I’ll confess that I am biased. In 1983, when I visited Oberlin as a prospective student, it was the co-ops that sold me on coming — I was flabbergasted that this unique ongoing experiment in grassroots democracy and entrepreneurship had not been featured in the College’s promotional materials. No other school then or now has anything comparable. 

I did well in my courses at Oberlin and benefited from excellent teaching. However, I still maintain that the most important professional skills I developed at Oberlin — skills such as how to facilitate a meeting, how to manage a budget, how to follow through on major projects, how to organize a disparate group of people to achieve a common goal — were developed and honed through my experiences in Oberlin’s co-ops. 

Many of my closest friends at Oberlin and many of the students I have worked with during my 18 years on the faculty here tell me the same thing. As former OSCA President Stewart Kohl, OC ’77, is quoted as saying in the Oberlin Alumni Magazine, “Co-ops touch the lives of a significant percentage of students who come through Oberlin. … If you were to list the institutions that really make a difference in the lives of students in their years at Oberlin, I think the co-ops would rank pretty darn high.” 

If the name “Kohl” sounds familiar, it is because of his enduring commitment to the College — he served as a member of the Board of Trustees for 12 years from 2003–2015 and stepped in at a crucial fundraising moment for Oberlin with a $5 million gift to complete the Jazz Studies building which now bears his name. Like Stewart, many former OSCA members have leveraged their co-op experiences in leadership positions in nonprofits, government, academia, business, philanthropy, and the corporate world.

To be fair to the AAPR steering committee, their charge was to consider how Oberlin College might achieve sustainable excellence. The strength and also the weakness of OSCA is that it is not, in fact, Oberlin College; it is a student-owned and run cooperative business which makes its own decisions. This is what I believe explains the absence of a clear consideration of the unique current and future value of OSCA to the Oberlin experience. And I believe that the solution to this problem is a commitment on the part of both Oberlin College and OSCA to a rigorous assessment of OSCA’s value and the articulation of a clear and shared vision moving forward. 

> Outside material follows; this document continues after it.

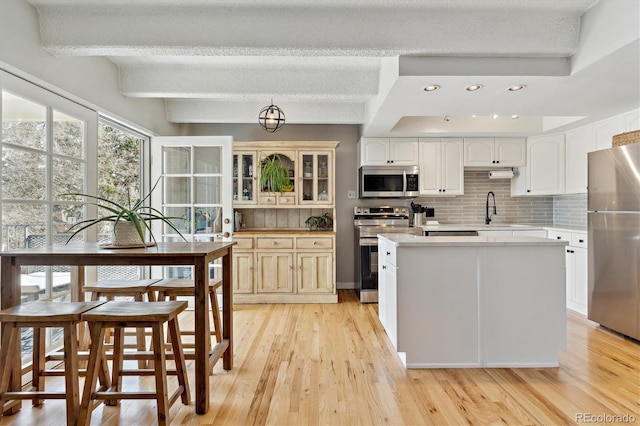 kitchen featuring tasteful backsplash, light countertops, appliances with stainless steel finishes, light wood-style floors, and a sink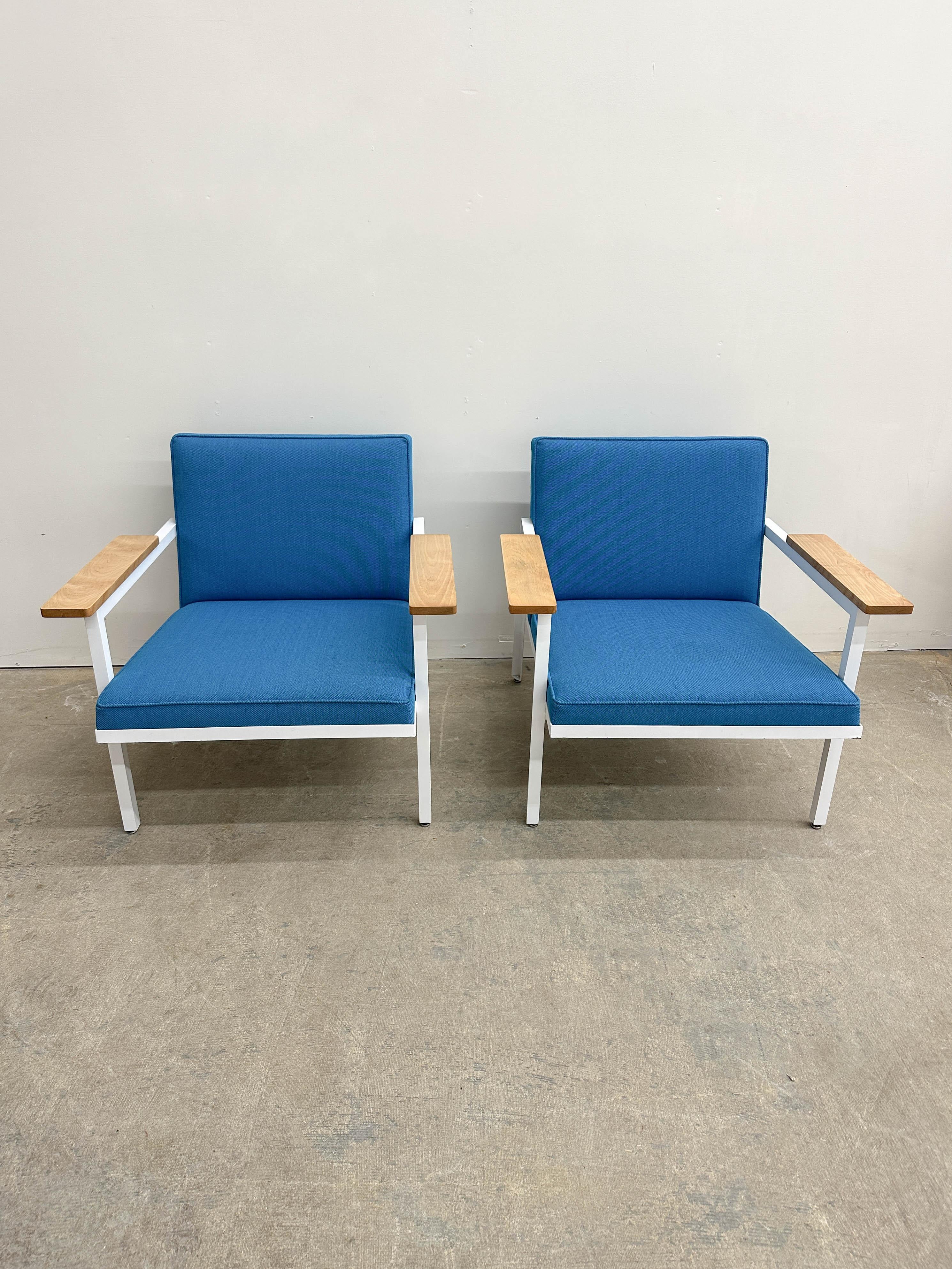 Classic minimalist George Nelson armchair design 5080 from 1950 for Herman Miller. Featuring a stripped down, angular steel frame, oversized natural finish birch plank armrests and simple-lined cushions, this chair is the epitome of Nelson's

I support a data gathering process that surveys and interviews alumni and current students to determine the ways in which careers and life choices have been affected specifically by OSCA and the myriad ways that OSCA might be more fully integrated into College programming. I am convinced that OSCA has much to contribute to many of the proposals put forward in the AAPR report — a Business concentration, a Public Health concentration, capstone experiences in a variety of majors, Winter Term opportunities, ExCo courses, novel programming with Center for Innovation and Impact and LaunchU, better integration with Career Services, etc. I am not suggesting that discussions can’t include creative ideas for cost savings. But I worry that the assumption that $1.9 million can be recovered by the College from OSCA is not a very collaborative or cooperative place to start.